ABOUT THIS EXERCISE: Print the data exactly. Omit the pictures.

Saved entries:

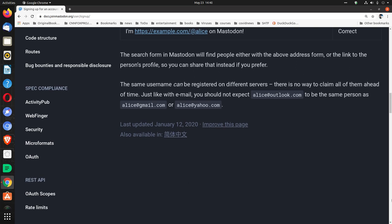The same username can be registered on different servers. There is no way to claim all of them ahead of time. Just like with email, you should not expect Alice@outlook.com to be the same person as Alice@gmail.com or Alice@yahoo.com.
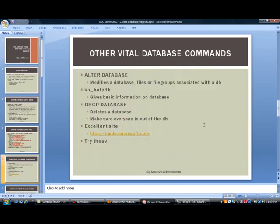There are a few other vital database commands that I would like to mention. You have alter database, which basically...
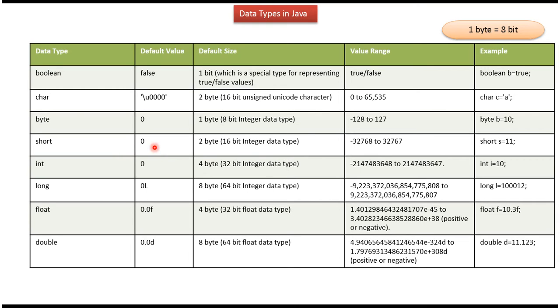Short: default value is 0, default size is 2 bytes, and it is a 16-bit integer data type. Here you can see the range and here you can see the example.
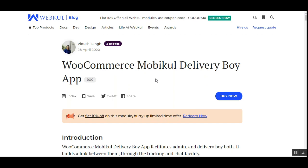Hello and welcome to this new video tutorial of WooCommerce MobiKool Delivery Boy app. In the previous video we showed you how the admin could configure the app and how customers can place an order from the web store front-end. In today's video tutorial we'll be showing you how the admin and delivery boys access their mobile application, how delivery guys process an order, and how the admin can assign a delivery guy to an order placed within the store using the mobile app.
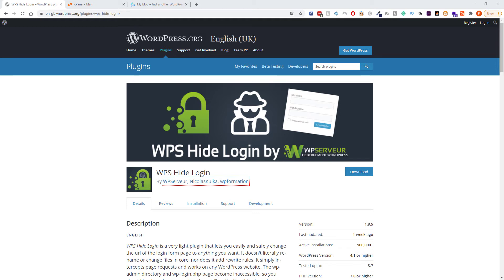Hello everyone, in this quick video I'm going to show you how to find your admin URL if you changed it using the plugin WPS Hide Login or pretty much any admin URL changing plugin.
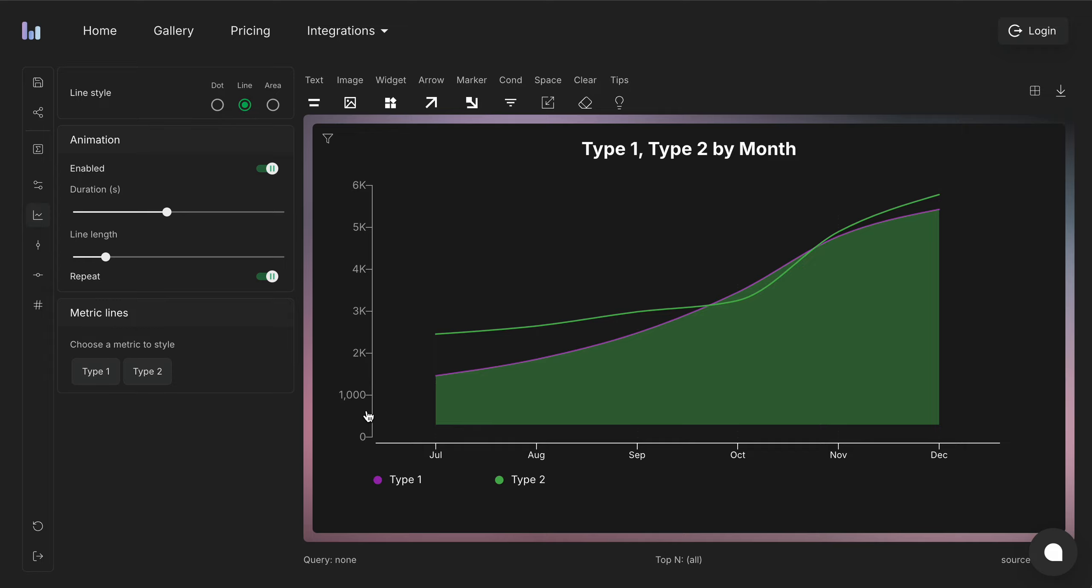I hope you like this feature and make data storytelling much simpler, much easier. Thank you so much. Bye.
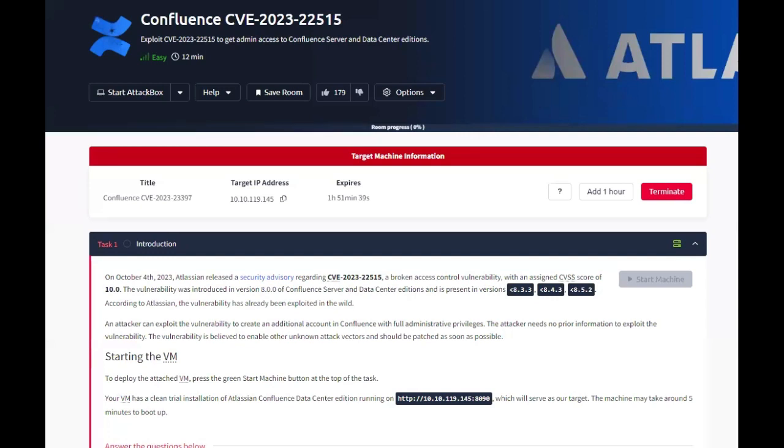Alright, today we'll be doing the Confluence CVE-2023-22515 lab. On October 4th, 2023, Atlassian released a security advisory regarding CVE-2023-22515, a broken access control vulnerability with an assigned CVSS score of 10. The vulnerability was introduced in version 8.0.0 of Confluence Server and Data Center editions and is present in versions 8.3.3, 8.4.3, and 8.5.2.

OUTPUT FOR THIS TASK:
The same username can be registered on different servers. There is no way to claim all of them ahead of time. Just like with email, you should not expect Alice@outlook.com to be the same person as Alice@gmail.com or Alice@yahoo.com.
There are a few other vital database commands that I would like to mention. You have alter database, which basically...
Short: default value is 0, default size is 2 bytes, and it is a 16-bit integer data type. Here you can see the range and here you can see the example.
Hello and welcome to this new video tutorial of WooCommerce MobiKool Delivery Boy app. In the previous video we showed you how the admin could configure the app and how customers can place an order from the web store front-end. In today's video tutorial we'll be showing you how the admin and delivery boys access their mobile application, how delivery guys process an order, and how the admin can assign a delivery guy to an order placed within the store using the mobile app.
Hello everyone, in this quick video I'm going to show you how to find your admin URL if you changed it using the plugin WPS Hide Login or pretty much any admin URL changing plugin.
I hope you like this feature and make data storytelling much simpler, much easier. Thank you so much. Bye.
Alright, today we'll be doing the Confluence CVE-2023-22515 lab. On October 4th, 2023, Atlassian released a security advisory regarding CVE-2023-22515, a broken access control vulnerability with an assigned CVSS score of 10. The vulnerability was introduced in version 8.0.0 of Confluence Server and Data Center editions and is present in versions 8.3.3, 8.4.3, and 8.5.2.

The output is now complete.